Berambisi tampil dramatis, menit-menit awalnya bahkan bak tersusun atas
cuplikan opera sabun yang berlangsung terlalu panjang.
Ketimbang
langsung menghadapi teror, kita lebih dulu disuguhi perjuangan karakter
utamanya, Reza (Herjunot Ali), yang setia menarasikan kisahnya bahkan di
titik-titik yang tak perlu lagi dijelaskan (naskahnya terlalu literal dalam
menerapkan cara bertutur materi aslinya), dalam perjuangannya mencari kerja. Setelah
ditolak belasan kali, akhirnya ia diterima bekerja di Jawa Timur. Masalahnya,
itu berarti Reza mesti meninggalkan Bogor beserta kedua orang tua, juga
kekasihnya, Wulan (Cinta Laura Kiehl). Jelang keberangkatan Reza, filmnya
didominasi perpisahan mengharu biru, yang entah berapa kali memperdengarkan
kalimat cringey, “Aku bakal kangen
luar biasa”.
Kalau anda
penasaran mengapa durasi Jeritan Malam bisa
mendekati dua jam (119 menit), di situlah jawabannya. Naskah buatan Ferry
Lesmana (Danur, Suzzanna: Bernapas dalam
Kubur) dan Donny Dhirgantoro (Tenggelamnya
Kapal Van Der Wijck, Antologi Rasa) gemar menyelipkan drama berlarut-larut
yang hanya membengkakkan film ketimbang mencuri hati, akibat paparan dangkal
yang hanya bersenjatakan kalimat (sok) romantic, yang di realita, mungkin cuma
bakal jadi status Facebook remaja pengidap cinta monyet.
Sebelum
berangkat, oleh sang ayah (Roy Marten), Reza dibawakan sebuah kujang sebagai
alat pelindung. Berkebalikan dengan ayahnya, Reza bersikap skeptis terhadap hal
gaib. Ditambah peristiwa tragis masa kecilnya, ketidakpercayaan Reza berkembang
jadi kebencian. Bahkan ketika dua teman kantornya, Indra (Winky Wiryawan) dan
Minto (Indra Brasco) menceritakan fakta horor terkait mess yang ketiganya
tempati, Reza menolak percaya. Bukan saja enggan percaya, Reza cenderung
meremehkan, menendang sesajen, lalu menantang para “penghuni mess”.

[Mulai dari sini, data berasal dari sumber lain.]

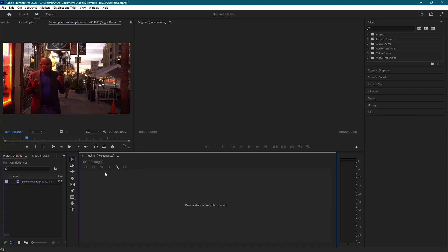Hi everyone, welcome back to the channel. In this tutorial, I'm going to show you how to crop a video in Adobe Premiere Pro for Instagram Reels. Let's get started.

Jeritan Malam memang didesain supaya penonton
berharap si protagonis tertimpa hukuman atas kesombongannya. Alhasil, bila mengandalkan
Reza semata, alurnya takkan
menyenangkan diikuti. Karena itulah filmnya mengambil bentuk crowd pleasure, di mana serupa Suzzanna: Bernapas dalam Kubur, humor
turut diterapkan lewat kekonyolan dua teman Reza, khususnya Minto, dalam
menghadapi kengerian di mess. Jelas bukan komedi cerdas, namun memadai sebagai
penambah daya hibur.
Begitu
teror dimulai, gerak alur Jeritan Malam sebenarnya
sempat repetitif, kala berkali-kali kita disajikan adegan Reza terbangun di
tengah malam, minum, sebelum akhirnya diganggu sosok tak kasat mata. Beruntung
pengulangan itu tak berlangsung seterusnya, sebab semakin
kisahnya bergulir, varian peristiwanya cukup kaya, dari “perjalanan sukma” Reza
hingga ritual misterius yang jadi penyebab rentetan tragedi pada babak ketiga.
Jump scare tidak
dikesploitasi, biarpun efektivitas kemunculan hantunya tergolong inkonsisten.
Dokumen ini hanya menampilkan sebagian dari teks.